I suppose this is close to my heart because I just worked on it, but if
you chop the snippet on the client side it defeats the logic used to pick
the "best snippet". That logic isn't that great in Cirrus now but
it'll
get a whole lot better when we deploy the new highlighter. Right now the
snippet is always 150 characters or something +/- 20ish characters on each
side to find a word break. We pick the best snippet based on hits in the
150 character window. At minimum we should let you configure it to
something that'll fit better. I suppose the best option would be to
configure up font widths that matter and then use them to chop really
accurately. For the most part that sounds pretty simple and quick to
implement so long as we're ok with estimates that ignore stuff like
ligatures.
Yeah, I think the snippet data is sweet. Two options - short (50 characters
wide) and normal (150 characters) seems sufficient. That way there are
fewer cached objects using the 3 or 5 char or n-gram thing discussed later.

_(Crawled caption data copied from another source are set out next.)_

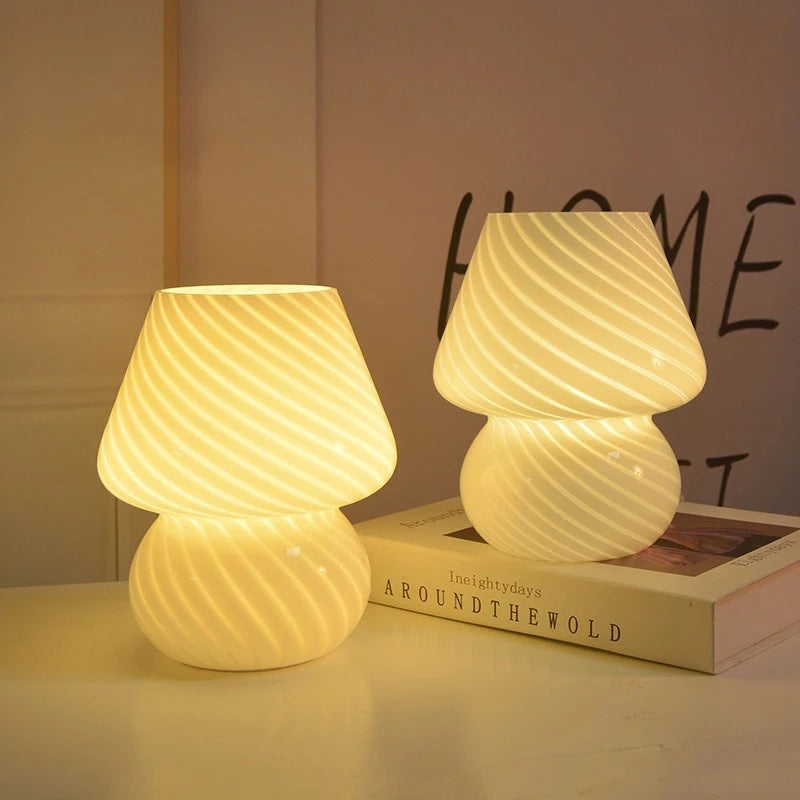 Glass Spiral Striped Lamp — Warm LED Mood Lighting for Bedside — Lifestyle 4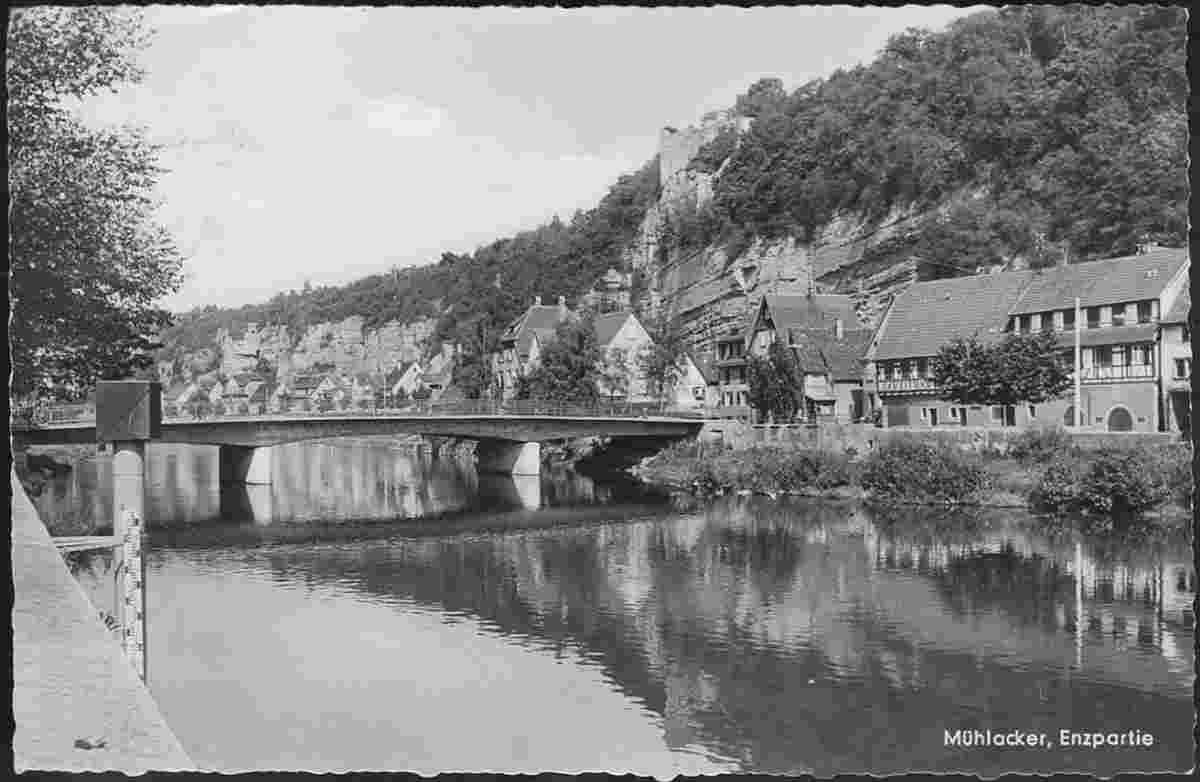 Mühlacker. Panorama von Brücke über Enz, 1956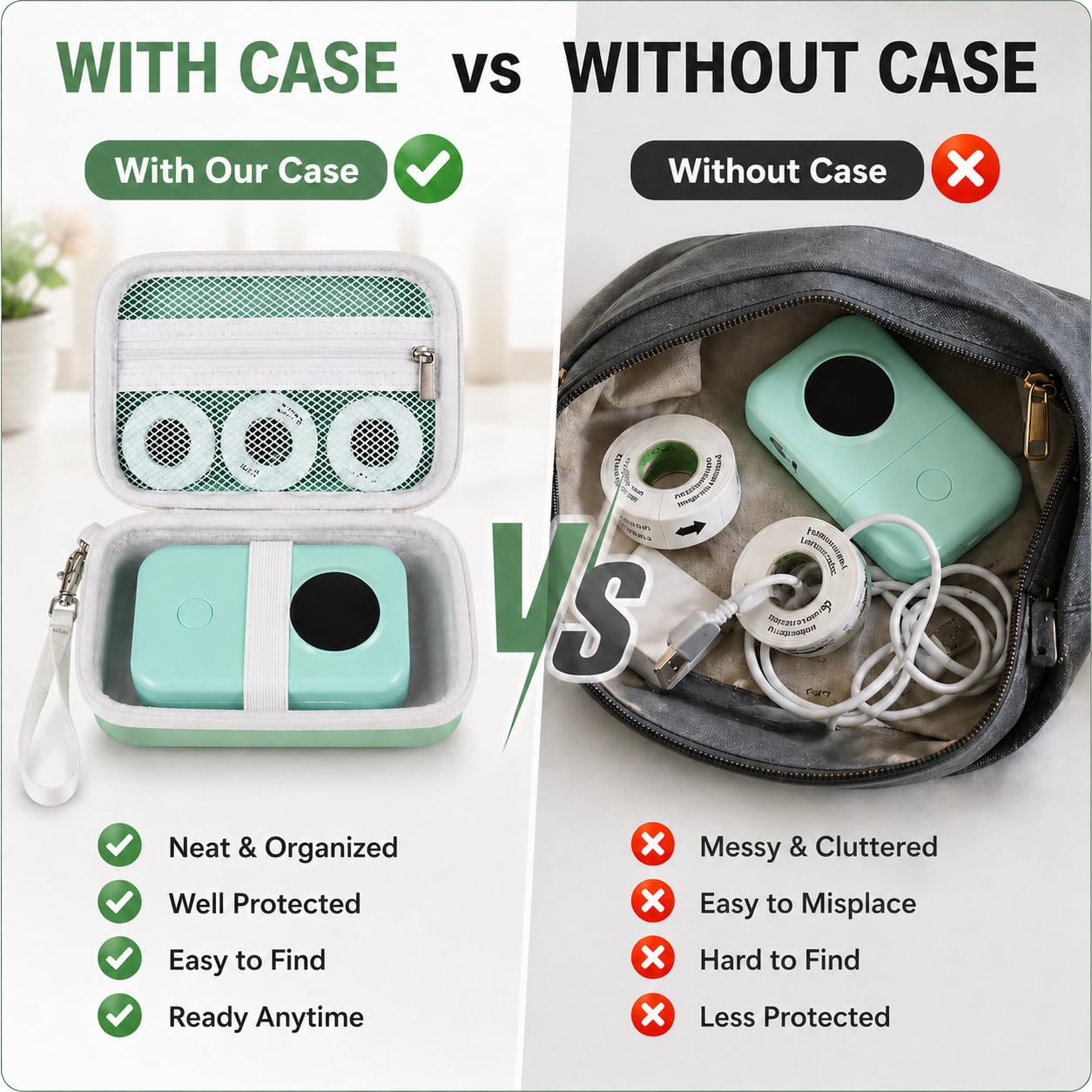 PAIYULE Hard Carrying Case for Phomemo D30 D35 Label Maker, Label Printer Case for Nelko P21, for NIIMBOT D110 D11, for Marklife P11 P12, for SUPVAN E10, Protective EVA Storage Bag with Mesh Pocket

Given non-monospaced rendered ligatures (that is, as far as I can tell) I
think your hint to ignore ligature byte width is a pretty pragmatic
approach.
Do the type timers fire the hit on the leading character or on a slight
hesitation? Prefix search on the site is leading character and then it
<cancels> the request if the user types more. That is silly because I
can't cancel the request on the backend.... If it triggers on a hesitation
then we should just plow ahead, I think. If it triggers on leading
characters then we should totally cache requests shorter then N character.
3 or 5 or something.
Oops, I may have spoke too soon.
On Android, after keypress it fires if 300ms have elapsed and another
keypress hasn't occurred.
On iOS, it looks like it is actually firing immediately on each keypress
(will double check that, though). The iOS client-side code does try to
cancel fired search events such that the latest search string is used; that
may or may not mean requests go unfired at the server. But, as you say,
once a proper HTTP request has been received at the origin, server-side
processing is likely to occur. From this I think we should probably look
into making the iOS stuff have the similar 300ms behavior if I've not
misread the code.
Caching on an upper bound of 3 or 5 characters (or some upperbounded n-gram
value?) could be a very solid way to make search screaming fast for the
common cases for these list=search searches, particularly with
CirrusSearch. I really like that idea.
On a related matter, I'll try to remember to bring up title versus
non-title statistical bias in the search ranking. Speaking of such
algorithms...
From the code:
// If we were constraining the namespace set, we would probably use
// 0|1|2|3|4|5|6|7|12|13|14|15|100|101|108|109|446|447
// to keep it related more to article, article talk, policy,
// policy talk, help, and help talk types of resources.
// The odd numbered Talk pages could even be witheld, but that's
// sort of pointless when the number of backlinks to them is
// likely to be small, meaning they won't turn up too much
// unless they're a result(set) of last resort, or the user
// went to the trouble of prefix namespace searching such as
Talk:Cats.
// But realistically, it's probably easier to just stick to
// not defining a namespace constrainint set, and thereby (likely)
// getting more pre-cached responses, due to other consumers
leading
// or follwing suit. There's a school of thought, or there could
be,
// that says only namespace 0 should be searched here, as it's
// the core article content. But users may practically want
// categories, too. And such logic spirals out from there.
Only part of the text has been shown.